Jako seria osadzona w postapokaliptycznej przyszłości, Fallout garściami czerpie ze współczesnej historii i popkultury – a już zwłaszcza New Vegas, którego akcja toczy się w amerykańskiej stolicy hazardu. To właśnie tam zresztą zabierze nas także drugi sezon serialu od Amazona, dlatego nic dziwnego, że fani tak ochoczo sięgają po odsłonę sprzed piętnastu lat.
Popkulturę już mamy, ale co z historią? Cóż, w grze możemy pozyskać broń rodem z drugiej wojny światowej. Haczyk tkwi jednak w ukrytym queście.

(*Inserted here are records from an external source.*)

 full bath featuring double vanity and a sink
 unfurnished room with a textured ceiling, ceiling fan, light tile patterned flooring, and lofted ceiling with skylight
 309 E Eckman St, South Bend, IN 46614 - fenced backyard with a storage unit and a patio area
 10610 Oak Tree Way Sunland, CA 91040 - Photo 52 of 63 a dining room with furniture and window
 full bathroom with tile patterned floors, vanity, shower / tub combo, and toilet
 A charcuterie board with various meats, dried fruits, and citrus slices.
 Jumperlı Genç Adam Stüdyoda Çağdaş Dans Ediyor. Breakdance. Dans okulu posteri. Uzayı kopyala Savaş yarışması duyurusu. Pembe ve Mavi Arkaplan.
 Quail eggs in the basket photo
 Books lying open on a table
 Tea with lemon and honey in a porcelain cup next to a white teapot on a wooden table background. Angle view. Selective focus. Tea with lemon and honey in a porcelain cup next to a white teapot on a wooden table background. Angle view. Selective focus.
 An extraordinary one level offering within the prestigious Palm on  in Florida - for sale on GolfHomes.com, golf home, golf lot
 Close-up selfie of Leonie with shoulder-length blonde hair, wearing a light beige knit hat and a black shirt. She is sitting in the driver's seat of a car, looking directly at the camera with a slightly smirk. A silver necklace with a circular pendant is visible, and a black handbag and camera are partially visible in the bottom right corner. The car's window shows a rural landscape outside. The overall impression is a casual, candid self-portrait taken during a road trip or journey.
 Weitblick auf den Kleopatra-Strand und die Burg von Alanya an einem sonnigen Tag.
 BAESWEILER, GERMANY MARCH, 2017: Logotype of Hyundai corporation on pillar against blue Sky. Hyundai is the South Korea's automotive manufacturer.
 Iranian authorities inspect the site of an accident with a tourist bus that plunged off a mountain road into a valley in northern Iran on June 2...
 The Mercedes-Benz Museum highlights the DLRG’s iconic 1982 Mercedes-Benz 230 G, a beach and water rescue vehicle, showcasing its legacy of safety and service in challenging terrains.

Więcej przydatnych informacji znajdziecie w naszym poradniku:
Jak zdobyć „tę maszynę”?
This Machine to dość nietypowa nazwa dla broni, prawda? Nie dajcie się jednak zwieść, ponieważ ten unikatowy karabin zadaje większe obrażenia na strzał i sekundę niż koledzy po fachu – a przy tym ma wyższą szansę na zadanie obrażeń krytycznych oraz wytrzymałość. Jednocześnie nie jest to oręż podany na srebrnej tacy.
By pozyskać This Machine, musimy wykonać nieoznaczone zadanie – co za tym idzie, pierwszym krokiem jest jego znalezienie. Interesująca nas misja nosi nazwę „Dealing with Contreas” i dotyczy tytułowego sierżanta-handlarza, którego biznes zaczął wzbudzać podejrzenia u porucznik Carrie Boyd. Najprościej będzie porozmawiać z żołnierką – znajdziemy ją w budynku terminalu Camp McCarran.

Alternatywnym sposobem na rozpoczęcie questa jest włamanie się do komputera Contreasa, który znajdziemy w szopie z zaopatrzeniem. Odblokowanie dostępu wymaga od nas przeciętnego poziomu hakerstwa.
Niezależnie od sposobu znalezienia misji, musimy stanąć po stronie porucznik Boyd, gdyż to właśnie ona podaruje nam This Machine w ramach podzięki za pomoc. Co jeszcze czyni tę broń tak wyjątkową? Ano fakt, że karabin ten nawiązuje do kultowego M1 Garand z czasów II wojny światowej.

„Ta maszyna” posiada dokładnie taką samą wagę, szybkostrzelność i konstrukcję. Co najważniejsze wydaje też charakterystyczny dźwięk po opróżnieniu magazynka, który jest tak ikoniczny. Kto wie, czy Boyd nie pożyczyła czasem arsenału ze starego amerykańskiego magazynu?